Bond Investors Look For Greener Pastures

Wednesday 09 December 2015

The question is of limited interest to philosophers but has a new relevance for investors as debt issuers attempt to shape the nascent market for green bonds — debt instruments aimed at socially-conscious investors who want their money to fund environmentally friendly projects.

This first green bond was issued in 2007 by the European Investment Bank but the product took off in 2013 when French energy company EDF issued the first-ever green corporate bond. The market has grown steadily every year since and reached $70bn this year — the fourth consecutive record year.

Negotiators from nearly 200 countries are currently meeting in Paris in an effort to tackle global warming and curb emissions. Growth in green bonds is unlikely to stop any time soon given the financial commitment necessary to addressing climate change, says Beijia Ma, a strategist with Bank of America Merrill Lynch. “There’s still a gap of $650bn-$860bn of investment that needs to be done every single year between now and 2030, and it is really a question of how we fill that gap and how we get that done.”

Green bonds are split into two categories, “labelled” and “unlabelled”. The unlabelled market is estimated to be far larger at $500bn and encompasses issuers who are pure climate change plays like solar power companies.
In the labelled market, the Climate Bonds Initiative (CBI), a non-governmental agency, runs a certification scheme for the product similar to programmes like Fair Trade or the Rainforest Alliance, which certify that consumer products have met certain ethical standards.

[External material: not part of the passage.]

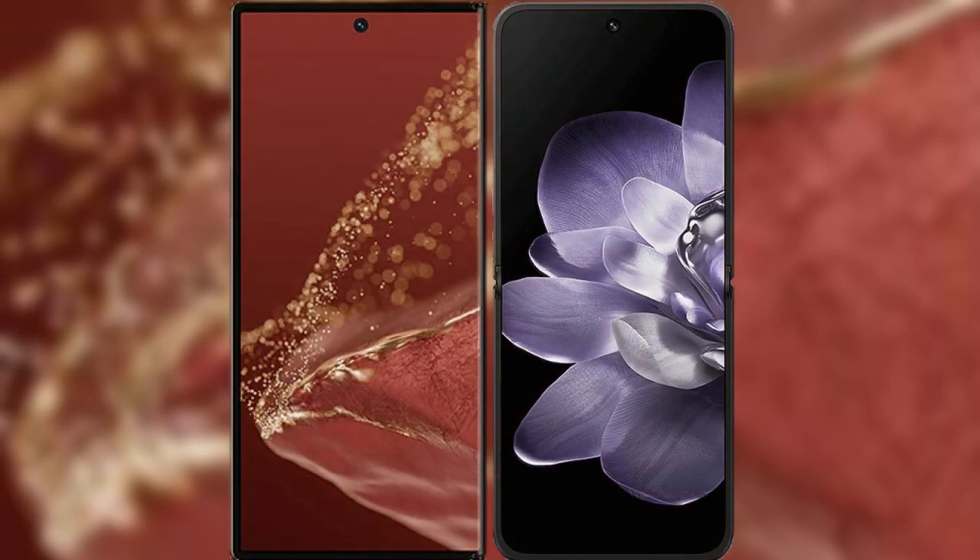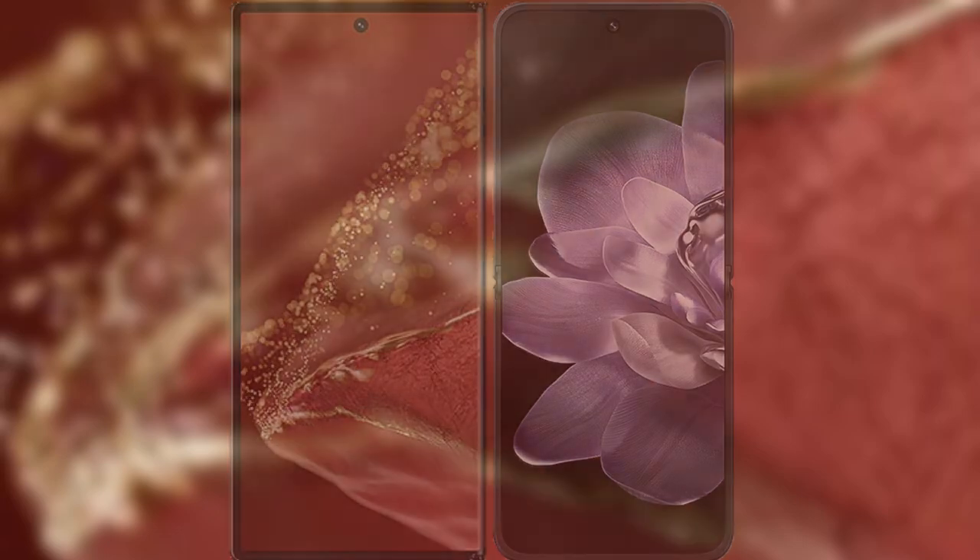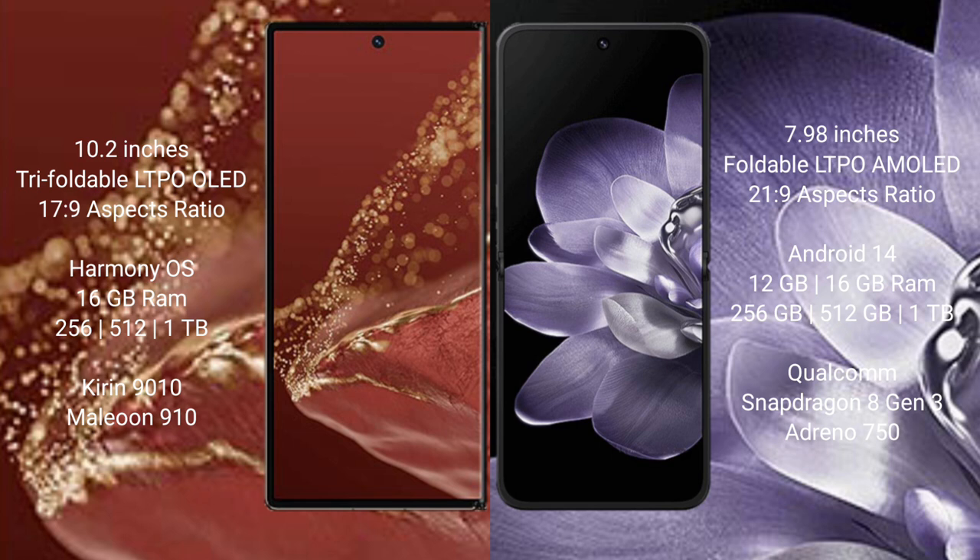Comparing the Huawei Mate XT Ultimate with the Xiaomi Mix Fold 4. The Huawei Mate XT Ultimate features a 10.2-inch triple foldable LTPO LED display. The Xiaomi Mix Fold 4 features a 7.98-inch foldable LTPO AMOLED display.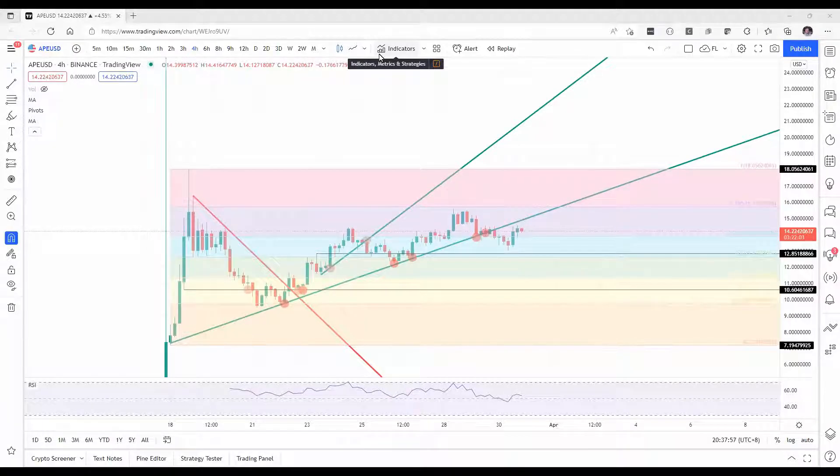Welcome to FX Street. Today we're going to be talking about ApeCoin and its steep path towards $18. Please make sure to subscribe to our YouTube channel and follow us on Twitter at FXStreetCrypto to be updated on the hardest trends in the cryptocurrency market.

Openly promoting green bonds can be great for public relations, particularly in those industry sectors that are often in the news for wrong reasons. But in private some bankers are concerned definitions have been drawn too broadly.
“For most green bonds they are not new projects; they are old projects wrapped up as green,” says one senior debt banker. “Those projects would have happened anyway.”
Controversial offerings include one from the Massachusetts State College Building Authority that was used to fund a car park among other things while environmental pressure group Friends of the Earth warned that a deal from GDF Suez could fund a hydropower dam that may lead to the extinction of several species of fish and damage the territory of some indigenous tribes.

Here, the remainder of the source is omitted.